Canadian regulators say Facebook broke privacy laws
- Third party organisations got access to user data
- Facebook admits the "harvesting"
- "Superficial and ineffective safeguards and consent mechanisms"
- Regulator's powers too limited to bring Facebook to heel
As regulators across the globe at last begin to pile the pressure on Facebook with the intent of introducing legislation to bring the arrogant and wayward company to heel, comes the news that an investigation by the Office of the Privacy Commissioner of Canada (OPC), together with the Information and Privacy Commissioner for the province of British Colombia, has proven that Facebook flouted and broke national federal and provincial local laws by allowing third party organisations to have access to the private information it holds on millions of users of the social network via "superficial and ineffective safeguards and consent mechanisms."
As if that's not bad enough, the Commissioner says Facebook admits that the breaches took place but has refused to adapt or mend the systems and processes that allowed the exposures in the first place. Speaking yesterday in the Canadian capital, Ottawa, Daniel Therrein, the head of the OPC, observed that "there's a significant gap between what they [i.e. those at Facebook] say and what they do." He's not the first to realise that and as sure as hell he won't be the last.
The trouble is, of course, that in common with many regulatory bodies around the world, the OPC has limited powers to force Facebook to do anything - apart from imposing a fine which, no matter how heavy (and Facebook has already set aside five billion dollars to meet fines that are expected to be levied on it in the next few months) is nothing more than an irrelevant gnat bite to the leathery carapace that encloses the gargantuan finances of the corporation.
That's why the OPC, (and many other regulators in many other countries), are now seeking expanded powers, including the right to inspect and police Facebook and its ilk, and to have the authority swiftly to impose swingeing and meaningful deterrent penalties where it is found that regulations have been flouted and privacy laws broken. The OPC is also pushing for new and greatly expanded privacy legislation to be passed because current laws and regulatory practices are totally ineffective. There is no point in sicc'ing a toothless watchdog on to massive organisations that just don't give a damn - and Facebook doesn't.
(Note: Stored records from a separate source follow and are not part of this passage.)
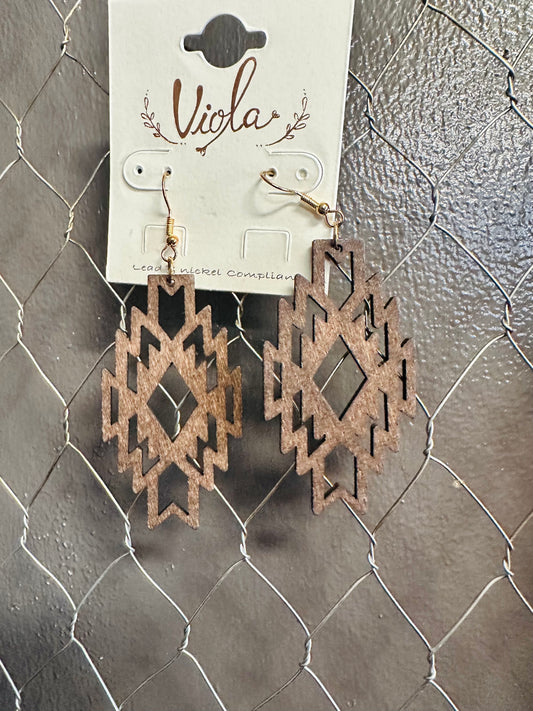 Brown Wood Aztec Earrings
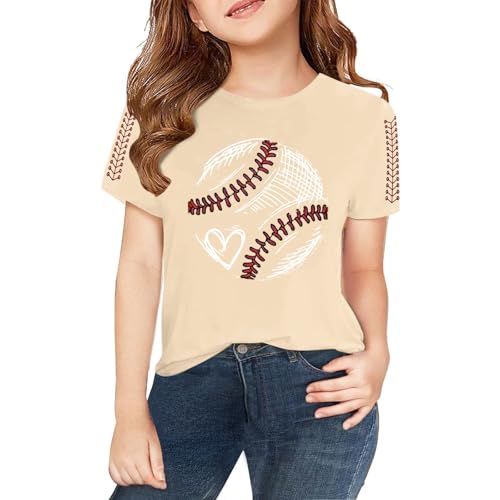 Toddler Baby Cotton Graphic T Shirts Summer Baseball Print Pullover Tees Teen Boys Girls Loose Fit Short Sleeve Tops2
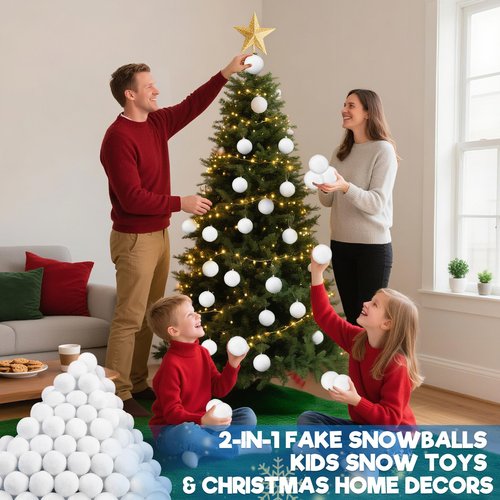Christmas Decorations Indoor, 120 PCS 2 Inch Fake Snowballs for Kids Indoor Fight Set Game for Family Party, New Years Eve Party Supplies 2026 for Grandkids Kids Adults Fun School Carnival Holiday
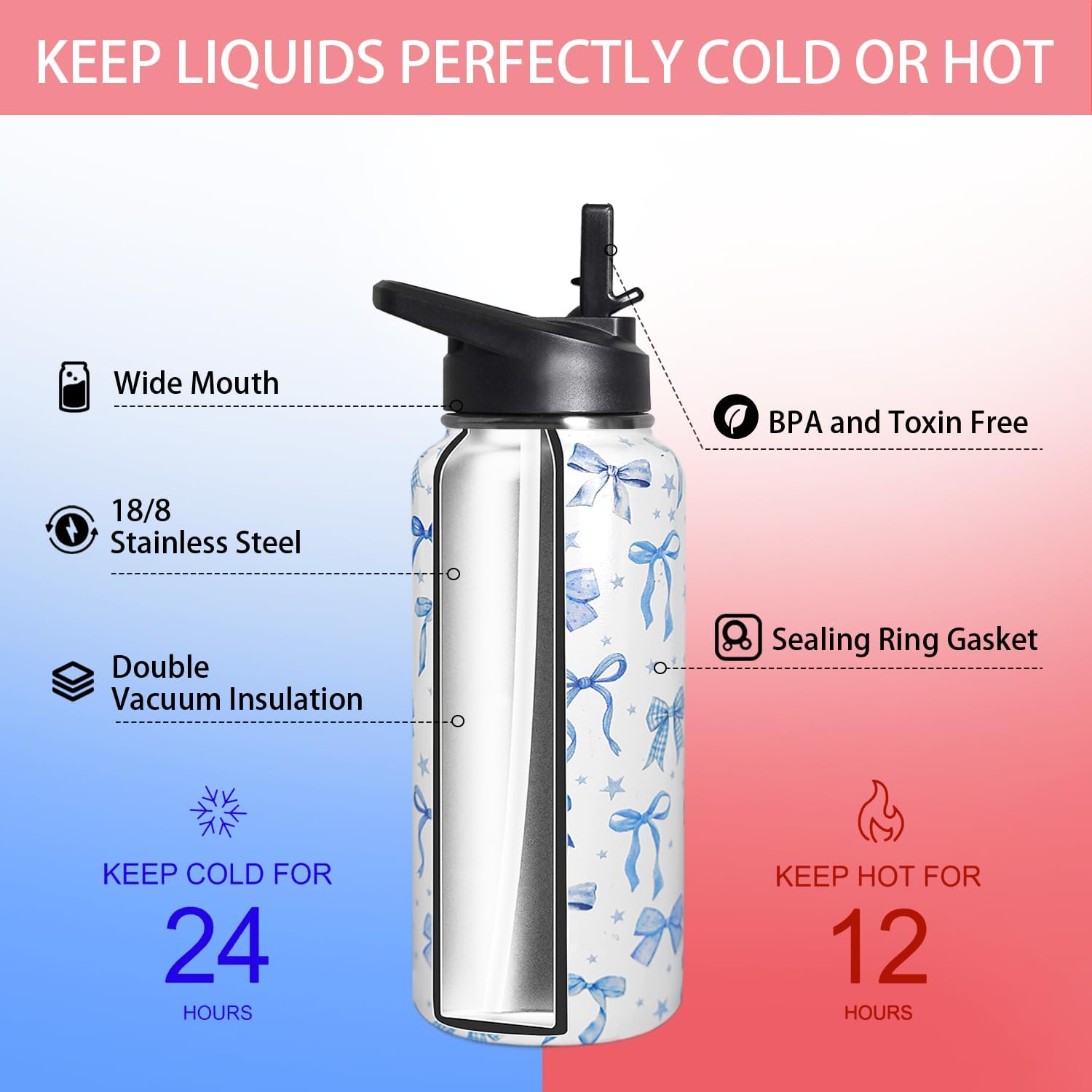 32oz Blue Bow Stainless Insulated Aater Water Bottle with Straw,Bow Gym Hiking Sports Coffee Mug Cup Water Bottles,Bow Gifts for Women,Bow Decor Stuff Accessories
Facebook can safely ignore toothless Canadian regulators
For his part, Daniel Therrein is mightily exercised by Facebook's arrogance. He said, "They told us outright that they do not agree with our legal findings. I find it absolutely untenable that a company can tell a regulator that it does not respect its findings." he also reported that Facebook point-blank refused to allow the regulator to audit its privacy protocols and processes.
In a statement, a Facebook apparatchik said the company had “proactively taken important steps towards tackling a number of issues raised in the [OPC] report", adding, "After many months of good-faith cooperation and lengthy negotiations, we are disappointed that regulators consider the issues raised in this report unresolved."
Mr Therrein responded to this by saying that the sheer complexity of Facebook's systems and processes and the institutionalised and deliberate lack of transparency that the company practices makes it all the more likely that Facebook is riding roughshod over Canada's privacy laws.
The investigation began after the Cambridge Analytica scandal broke and it was revealed that the company had gained access to the private personal data of 87 million Facebook users and had "harvested" the information with the sole intent of boosting the election chances of Donald Trump. After an avalanche of evidence was adduced it eventually became impossible for Facebook to continue to deny that user data had been accessed. And so, in the end it was the Booster Seat Boy himself, the ineffable Mark Zuckerberg, who was forced by outraged public opinion to apologise for what he acknowledged was "a major breach of trust".
The OPC (acting on behalf of the 668,000 Canadians whose data had been illegally "harvested") by Cambridge Analytica) said that Facebook had simply ignored rulings and recommendations that would have helped prevent the huge breaches of privacy and had done so for more than a decade.
Facebook says “there is no evidence that Canadians’ data was shared with Cambridge Analytica, and we have made dramatic improvements to our platform to protect people’s personal information.” We'll see about that when the next scandal erupts.